↓

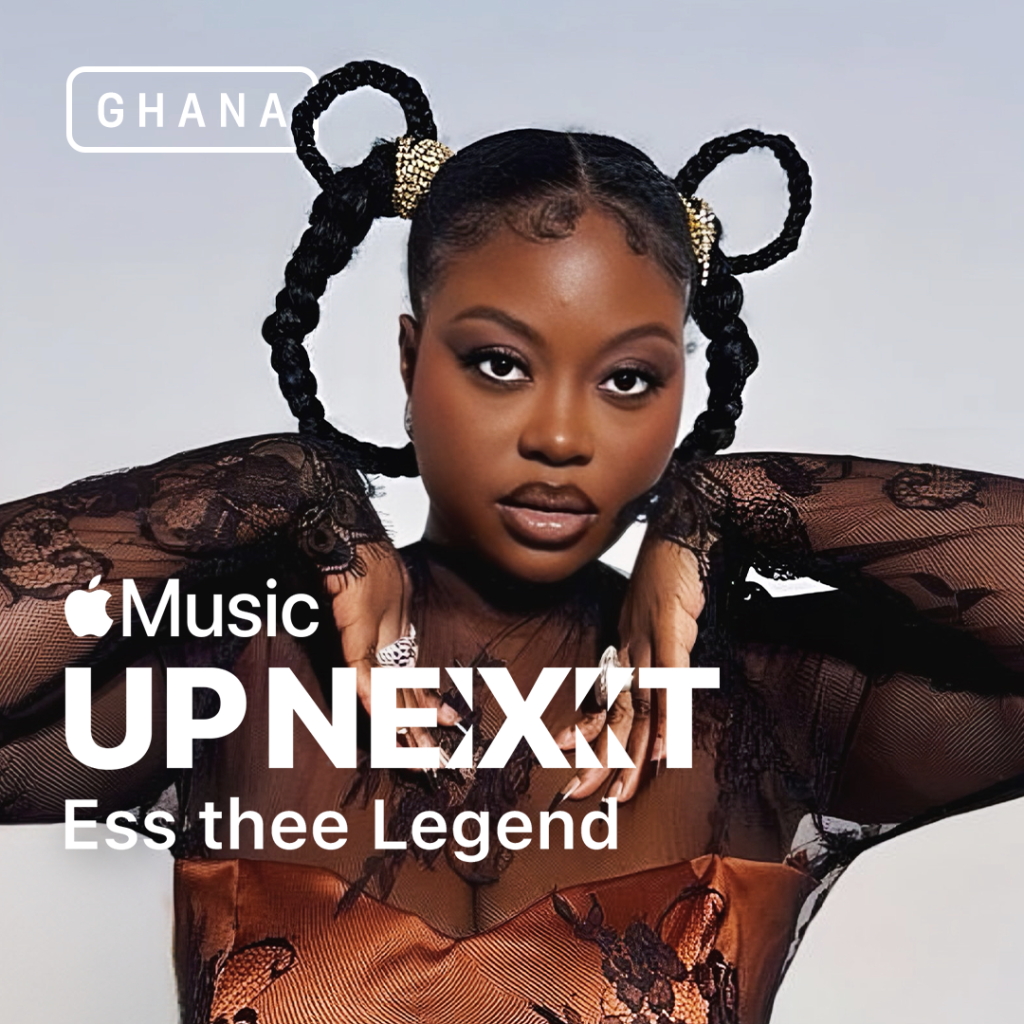 Ess thee Legend for Apple Music Up Next.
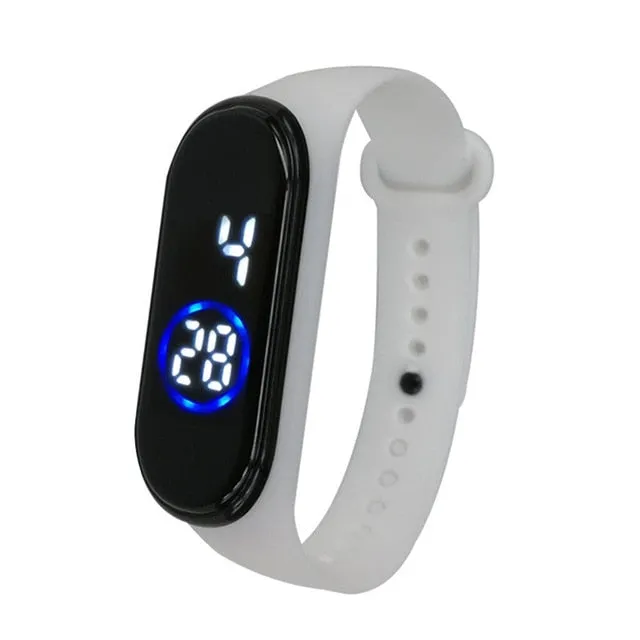 50M Waterproof Sports Men Women Watch Fashion Digital LED Fitness WristWatch Unisex Silicone Band Wrist Gifts relogio masculino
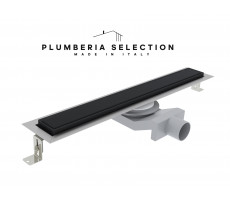 Душевой трап PLUMBERIA SELECTION PST IN-TILE PST80NO, черный матовый 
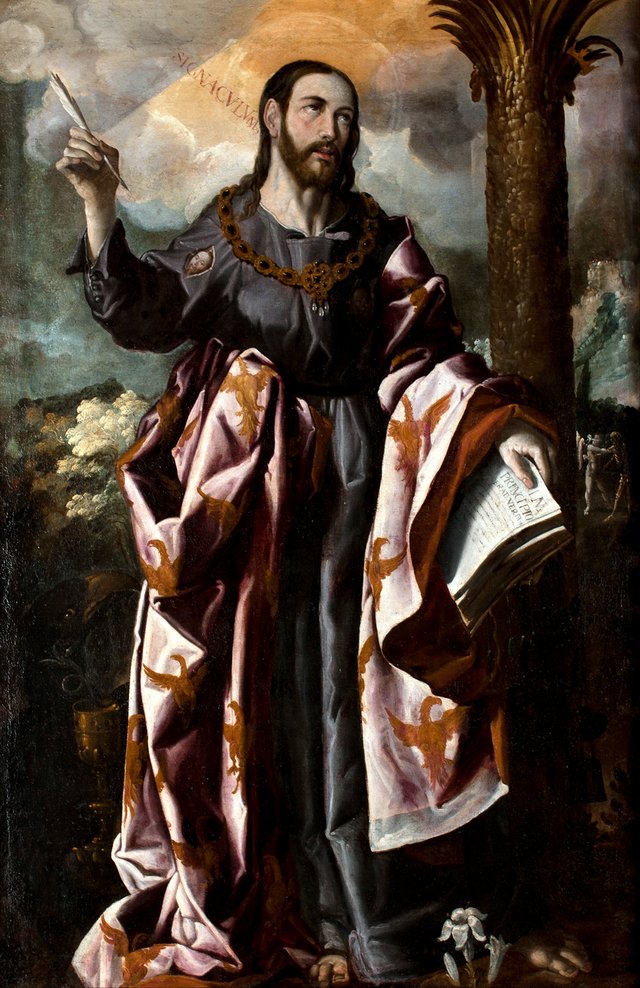 St John The Evangelist by Cristóbal García Salmerón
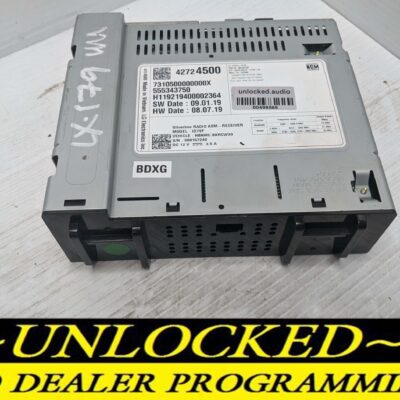 UNLOCKED 20-22 CHEVY SPARK OEM RADIO 42724500 IOR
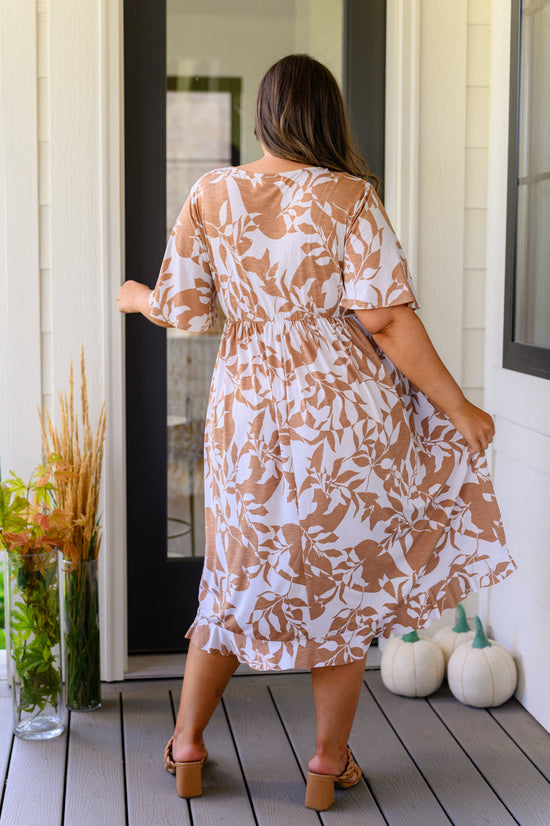 Conversation Starter Floral Faux Wrap Dress - Shopin LA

↑

*Problem details*: Write out each record exactly as shown, but not its pictures.

*Task response*:
 Ess thee Legend for Apple Music Up Next.
 50M Waterproof Sports Men Women Watch Fashion Digital LED Fitness WristWatch Unisex Silicone Band Wrist Gifts relogio masculino
 Душевой трап PLUMBERIA SELECTION PST IN-TILE PST80NO, черный матовый 
 St John The Evangelist by Cristóbal García Salmerón
 UNLOCKED 20-22 CHEVY SPARK OEM RADIO 42724500 IOR
 Conversation Starter Floral Faux Wrap Dress - Shopin LA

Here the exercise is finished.